■ **WHAT YOU HAVE TO DO**
Set down every line from the one containing "Thomas Pynchon - Slow Learner Thomas" through the last line of the records below, exactly as written, and leave out the pictures.

##### DATA SHOWN

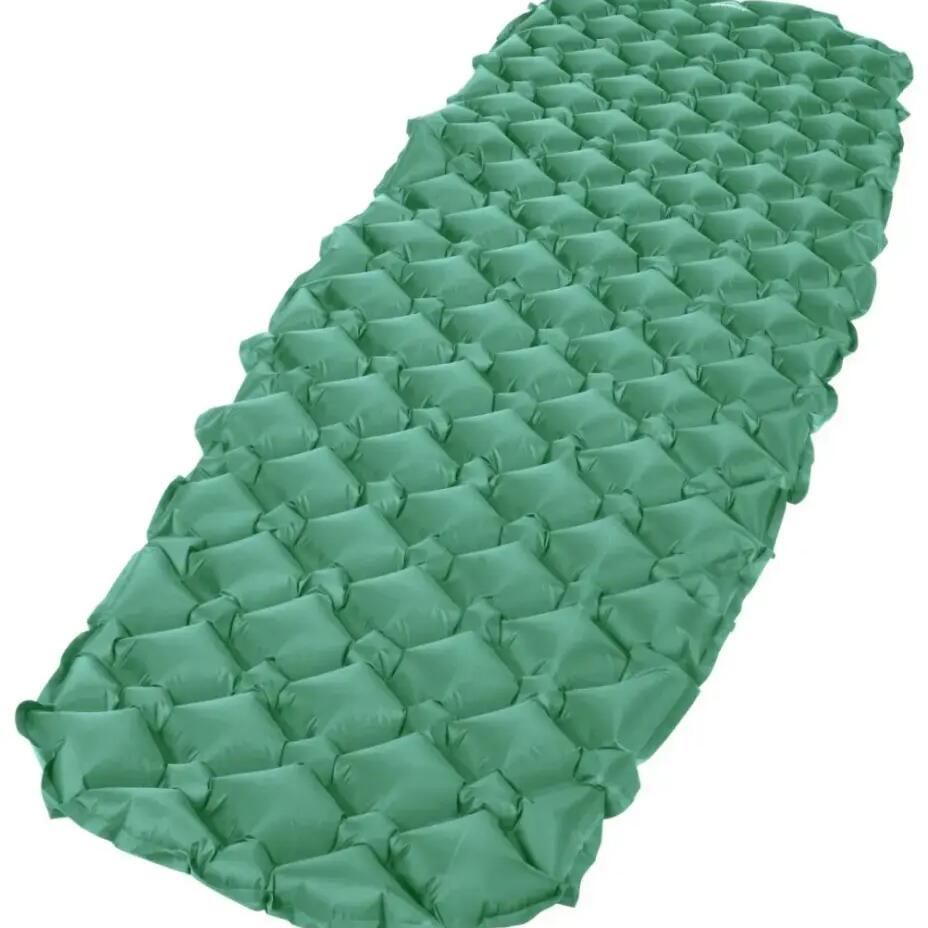 Fury 5 2024 Inflatable Sleeping Mat - R-Value 1.6 - Mint Green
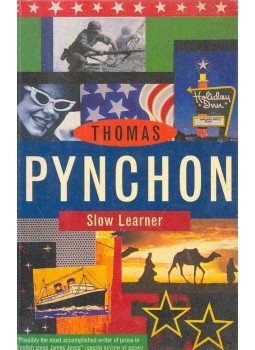 Thomas Pynchon - Slow Learner Thomas Pynchon - Slow Learner, null 1995 antikvár könyv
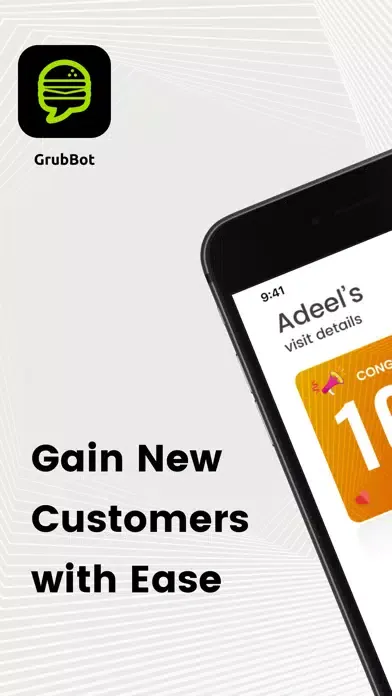 ภาพหน้าจอของ GrubBot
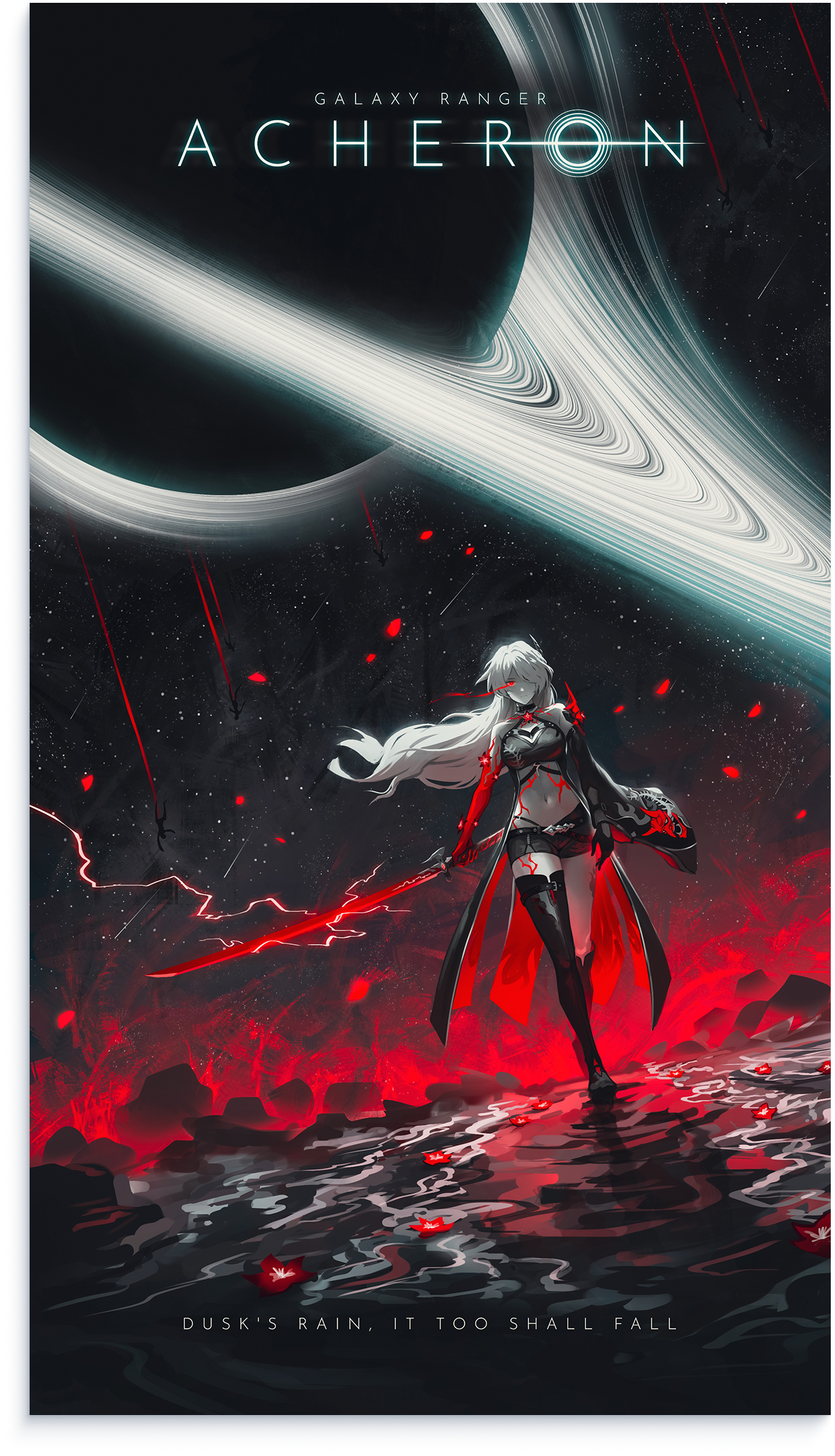 Acheron Print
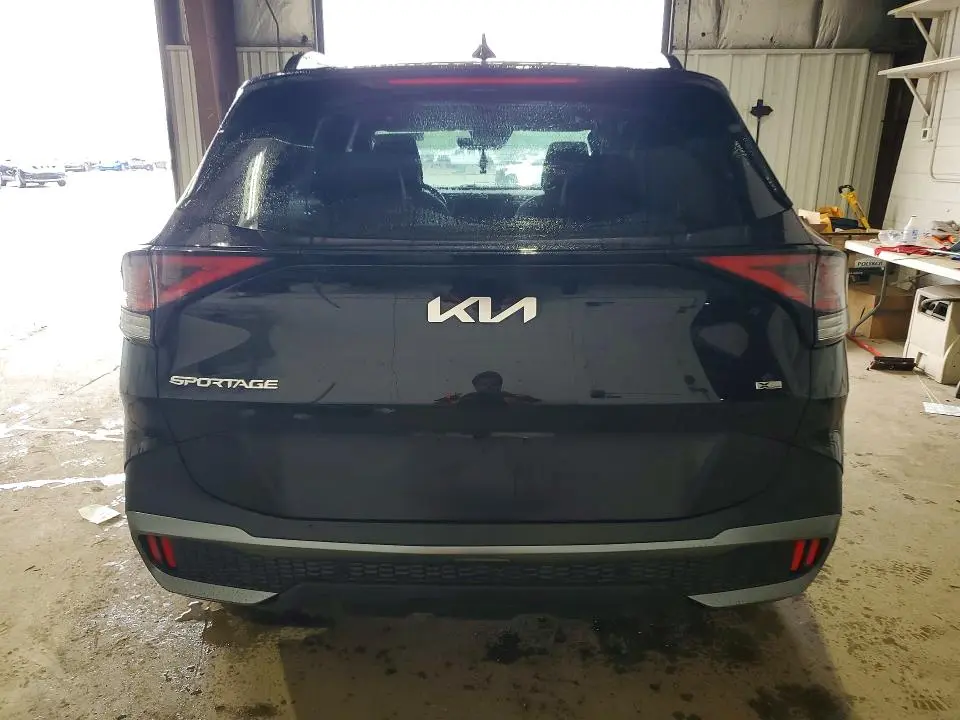 2023 KIA SPORTAGE X LINE  
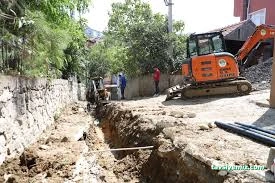 Zonguldak Belediyesi Su Ve Kanalizasyon İşleri
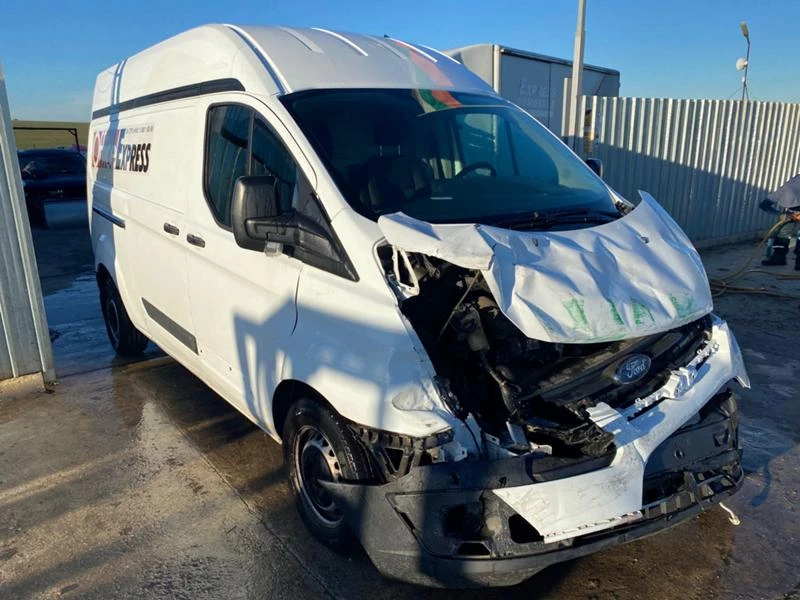 Ford Transit 2.0 TDCI, снимка 1 - Бусове и автобуси - 34800959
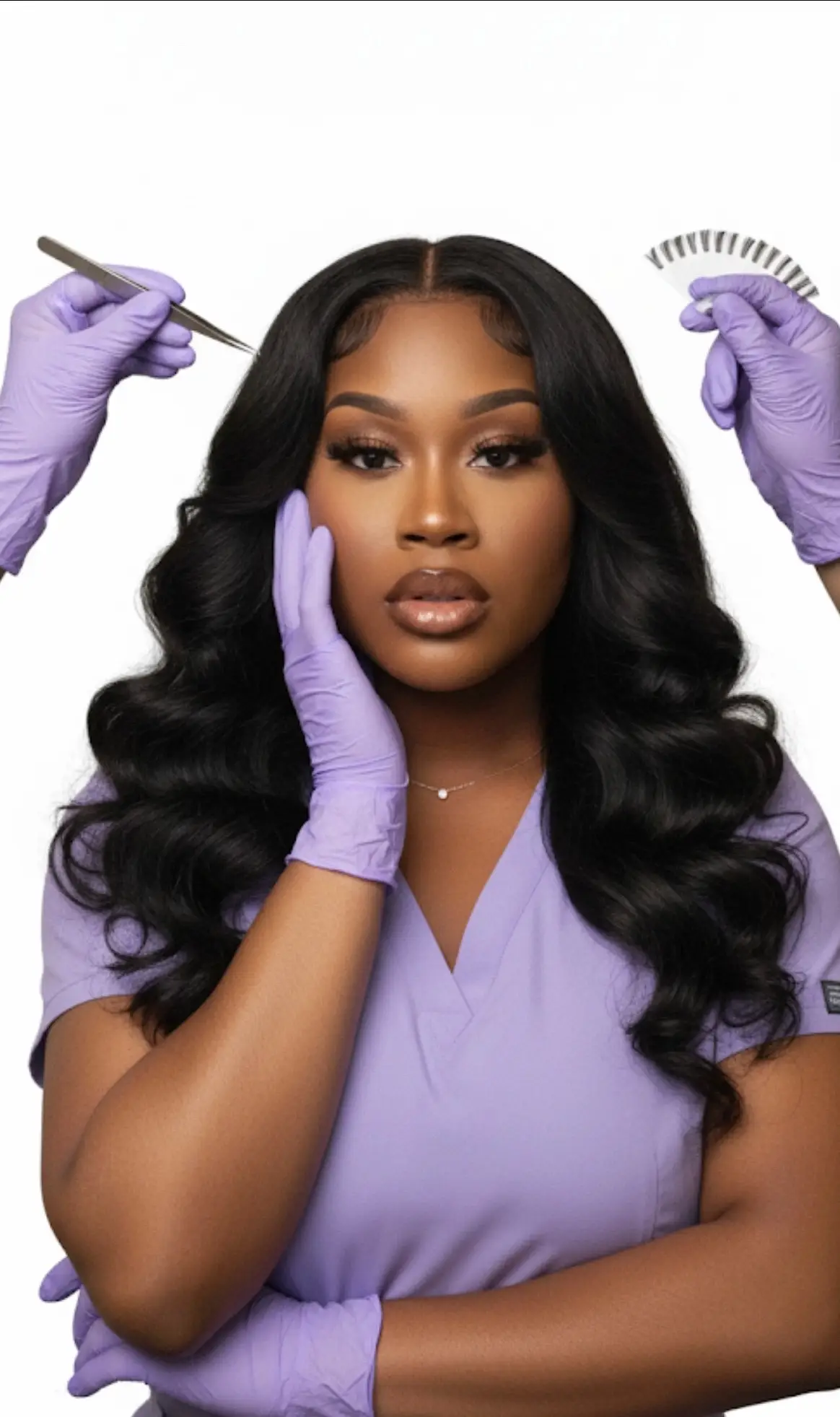 Tik Tok Just Saved Me $500 🤣 wanted to do a photoshoot to rebrand my business and AI did it for me 🫶🏾#aigemini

##########

■ **TASK RESPONSE**
 Thomas Pynchon - Slow Learner Thomas Pynchon - Slow Learner, null 1995 antikvár könyv
 ภาพหน้าจอของ GrubBot
 Acheron Print
 2023 KIA SPORTAGE X LINE  
 Zonguldak Belediyesi Su Ve Kanalizasyon İşleri
 Ford Transit 2.0 TDCI, снимка 1 - Бусове и автобуси - 34800959
 Tik Tok Just Saved Me $500 🤣 wanted to do a photoshoot to rebrand my business and AI did it for me 🫶🏾#aigemini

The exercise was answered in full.